In the few short years since they first launched, shared, dockless electric scooters have become ubiquitous sights on streets and sidewalks in cities across America. What may have first been seen as novelties or purely recreational vehicles now play critical roles in many people’s daily transportation routines. Despite being relative newcomers to the urban transportation scene, dockless scooters provided over 38 million trips in 2018, more than the number of rides taken on traditional station-based bikeshare systems that year. Yet, despite these vehicles having enmeshed themselves quickly in the urban fabric, access to electric scooters is not spread equitably across cities. While residents in wealthier, predominantly white downtown neighborhoods enjoy easy access to shared scooters, residents in poorer but comparably dense parts of cities outside of downtown are underserved by the systems.

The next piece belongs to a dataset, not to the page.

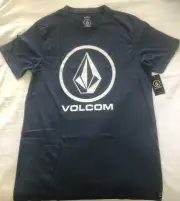 Brand New with Tags Men's Blue VOLCOM Short Sleeve Tee, Size S, RRP $40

In this study, we use a combination of open and private dockless scooter usage data from six American cities to construct a model for predicting ridership in ten cities that have not had scooter share systems in the past. While our model displayed sizable errors, showing that it requires further calibrating, it also suggests that the business-as-usual approach to introducing scooters into a new market is likely to create inequitable access to the vehicles for residents. While cities such as Louisville, KY have recognized these inequities and instituted distribution requirements to address them, we show through analysis of vehicle rebalancing data that providers do not seem to be complying with these requirements, and stronger enforcement may be necessary. Lastly, we introduce a proof-of-concept web application that allows users to explore the spatial distribution of our model’s predictions for each city and compare them to demographic and socioeconomic variables of interest. We believe that this tool will allow policymakers to anticipate the geography of scooter ridership in their cities and understand - and ultimately plan for - the inequities that may be created by the business-as-usual approach to launching and administering scooter share systems.

Riders using dockless scooters in San Francisco. [Source](https://www.thegazette.com/subject/news/government/iowa-lawmakers-consider-electronic-scooter-rules-as-cedar-rapids-weighs-including-them-in-bike-share-20190206).

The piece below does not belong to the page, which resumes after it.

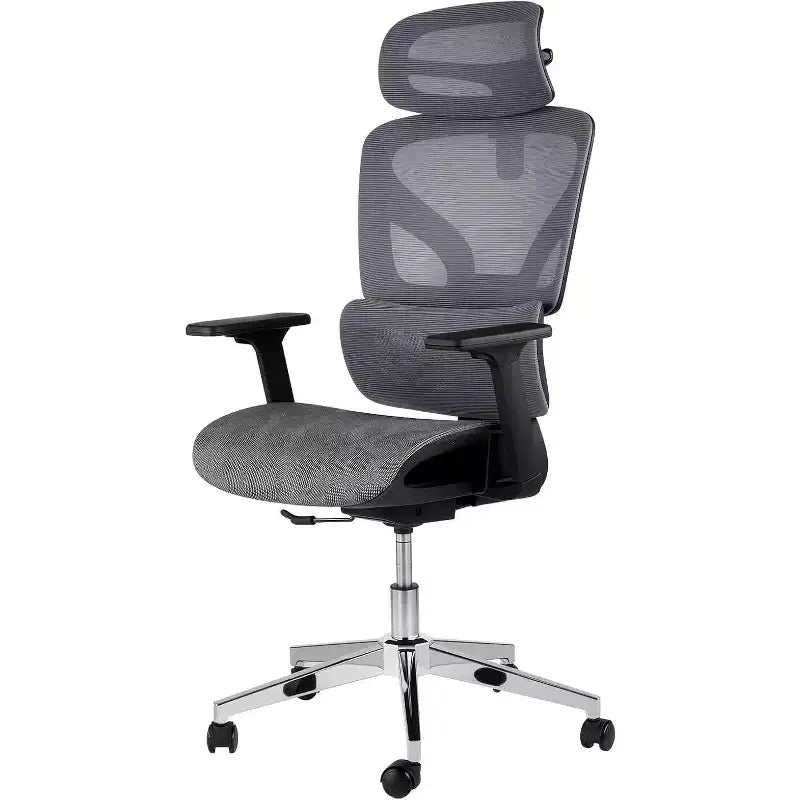 Chaise de bureau ergonomique Acekool en maille à dossier haut, accoudoirs 4D, soutien lombaire et profondeur d'assise réglables, bureau à domicile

Riders using dockless scooters in San Francisco. Source.

1.3 Motivation

Since Bird and Lime launched the first shared, dockless electric scooter services in Santa Monica, California in September 2017, scooters have rapidly spread across American cities, becoming a popular form of urban transportation. As of January 2020, there are 340 scooter share programs operating in 242 municipal areas and campuses across 40 different states (plus Washington, D.C.). In 2018 alone, users took 38.5 million trips on electric scooters, more than the number of trips taken on more familiar, traditional station-based bikeshare systems. While scooter share providers initially entered new municipalities and markets without local officials’ permission or oversight, leading to spikes in scooter-related injuries and complaints of vehicles blocking sidewalks, cities have begun collaborating through coalitions like the Open Mobility Foundation to institute some oversight over these programs. Many municipalities are now working with their scooter providers to ensure that their scooter share programs, among other goals, meet safety standards, distribute vehicles equitably, keep sidewalks clear, and protect rider privacy. Data standards like the Mobility Data Specification (MDS), created by the Los Angeles Department of Transportation, help cities share and monitor scooter ridership data and make sure that providers are complying with their policies.

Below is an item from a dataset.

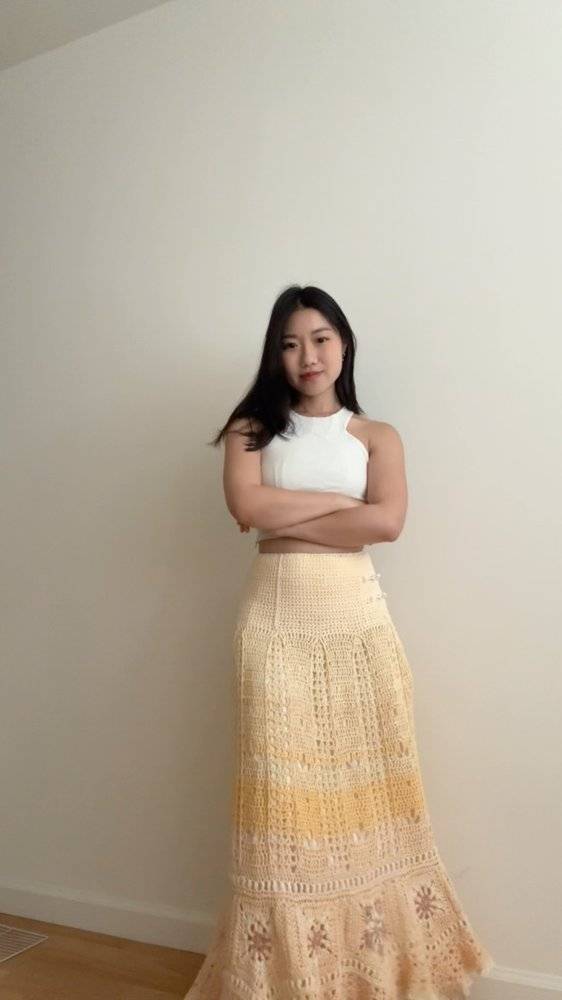 Bohemian Crochet Maxi Skirt Project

While these data initiatives help address cities manage more mature scooter share programs, there are no widely adopted models or processes in place that help cities without shared scooters introduce the vehicles into their markets. Further, while some cities like Chicago have issued citations to enforce their requirements for equitable distribution, not all cities have done so, meaning that in some places, these distribution requirements are without teeth. As we see in our analysis of vehicle distribution in Louisville, scooter companies do not necessarily comply with existing distribution requirements. In this project, we use data from 6 different American cities with shared scooters to develop a model that estimates what peak-season demand will be in cities without existing programs. We use this model to build a prototype for a web application intended to help city officials anticipate the geography of scooter ridership in their cities and understand its relationship to the city’s social and economic geography. Our goal is to create a municipal scooter planning toolkit that helps cities interested in launching scooter share systems learn from other municipalities that already have these systems in place. We hope that cities like Philadelphia, Pennsylvania and Madison, Wisconsin, which are considering adopting scooter share programs, will find this toolkit helpful as they work with providers to bring the vehicles to their communities.

1.4 Summary

Using a combination of publicly available and private scooter ridership data from six American cities, we employ machine learning methods to create a model that predicts the total scooter trips that will be taken between July and September in each census tract in 10 cities that do not currently have scooter share programs. Our model uses a total of 24 features encompassing demographic, socioeconomic, and built environment characteristics for the cities to make its predictions. We emphasize that our model predictions reflect both the underlying demand for scooters that may exist in a census tract as well as the impact of the scooter companies’ fleet management and distribution choices. Our model uses existing ridership data to predict how scooter usage would look in a new city if it were to follow the business-as-usual approach.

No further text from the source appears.